**WHAT TO WORK ON**: Scan the data below for the string "Stock". Show every line where it turns up.

**GIVEN DATA**:
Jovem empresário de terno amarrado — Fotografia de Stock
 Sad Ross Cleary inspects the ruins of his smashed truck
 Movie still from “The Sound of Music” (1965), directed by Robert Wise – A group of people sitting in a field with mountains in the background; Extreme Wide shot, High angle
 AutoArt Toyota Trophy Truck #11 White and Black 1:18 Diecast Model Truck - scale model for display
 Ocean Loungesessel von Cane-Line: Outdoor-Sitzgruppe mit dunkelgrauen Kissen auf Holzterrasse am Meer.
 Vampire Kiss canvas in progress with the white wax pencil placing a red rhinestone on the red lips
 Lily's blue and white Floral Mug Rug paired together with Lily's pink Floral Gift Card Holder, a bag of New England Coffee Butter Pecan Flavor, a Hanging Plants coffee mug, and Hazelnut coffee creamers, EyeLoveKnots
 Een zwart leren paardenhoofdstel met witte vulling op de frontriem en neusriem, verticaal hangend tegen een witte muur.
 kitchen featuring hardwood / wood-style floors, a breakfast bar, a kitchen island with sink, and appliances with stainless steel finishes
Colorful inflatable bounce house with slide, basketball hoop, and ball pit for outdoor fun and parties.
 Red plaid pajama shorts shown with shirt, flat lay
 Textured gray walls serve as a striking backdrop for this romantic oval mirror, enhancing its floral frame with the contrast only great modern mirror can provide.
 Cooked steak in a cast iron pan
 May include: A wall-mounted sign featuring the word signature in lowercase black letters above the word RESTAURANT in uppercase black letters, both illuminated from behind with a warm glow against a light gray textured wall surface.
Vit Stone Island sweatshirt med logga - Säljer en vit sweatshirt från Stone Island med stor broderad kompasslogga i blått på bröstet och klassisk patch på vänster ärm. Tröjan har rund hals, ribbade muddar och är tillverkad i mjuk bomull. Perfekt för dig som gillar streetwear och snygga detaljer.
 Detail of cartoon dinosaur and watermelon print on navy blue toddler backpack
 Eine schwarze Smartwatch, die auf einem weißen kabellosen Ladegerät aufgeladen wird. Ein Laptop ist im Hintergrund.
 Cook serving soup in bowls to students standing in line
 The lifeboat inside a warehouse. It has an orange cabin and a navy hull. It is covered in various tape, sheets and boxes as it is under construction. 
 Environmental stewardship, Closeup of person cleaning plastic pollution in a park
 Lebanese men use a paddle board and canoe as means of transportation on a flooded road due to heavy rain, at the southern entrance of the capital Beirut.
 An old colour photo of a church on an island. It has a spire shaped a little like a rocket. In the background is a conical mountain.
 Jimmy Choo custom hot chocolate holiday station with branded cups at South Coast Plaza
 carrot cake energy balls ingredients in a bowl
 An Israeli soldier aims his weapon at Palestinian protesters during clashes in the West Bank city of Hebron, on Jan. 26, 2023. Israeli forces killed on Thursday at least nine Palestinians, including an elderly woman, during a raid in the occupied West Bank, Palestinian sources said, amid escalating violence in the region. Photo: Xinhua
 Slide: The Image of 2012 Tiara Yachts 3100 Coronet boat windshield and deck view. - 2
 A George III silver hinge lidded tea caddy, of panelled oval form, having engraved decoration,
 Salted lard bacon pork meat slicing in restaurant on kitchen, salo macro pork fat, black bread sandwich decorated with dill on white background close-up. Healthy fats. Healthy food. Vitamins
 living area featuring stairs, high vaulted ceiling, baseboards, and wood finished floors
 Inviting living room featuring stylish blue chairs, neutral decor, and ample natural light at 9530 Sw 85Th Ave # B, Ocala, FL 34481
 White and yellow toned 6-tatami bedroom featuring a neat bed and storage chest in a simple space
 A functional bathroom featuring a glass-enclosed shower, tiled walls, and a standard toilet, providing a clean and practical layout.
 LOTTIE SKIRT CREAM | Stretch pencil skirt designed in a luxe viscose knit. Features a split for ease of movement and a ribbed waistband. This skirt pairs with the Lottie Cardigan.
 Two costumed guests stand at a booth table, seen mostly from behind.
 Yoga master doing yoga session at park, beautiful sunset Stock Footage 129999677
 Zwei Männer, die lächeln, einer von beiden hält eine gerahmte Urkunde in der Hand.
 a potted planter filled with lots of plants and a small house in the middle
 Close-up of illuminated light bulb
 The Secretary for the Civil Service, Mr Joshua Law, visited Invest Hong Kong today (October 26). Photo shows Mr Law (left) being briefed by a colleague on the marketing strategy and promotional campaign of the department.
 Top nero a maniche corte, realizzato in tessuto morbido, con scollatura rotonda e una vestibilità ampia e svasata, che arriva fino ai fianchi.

**RESPONSE AREA**:
Jovem empresário de terno amarrado — Fotografia de Stock
 Yoga master doing yoga session at park, beautiful sunset Stock Footage 129999677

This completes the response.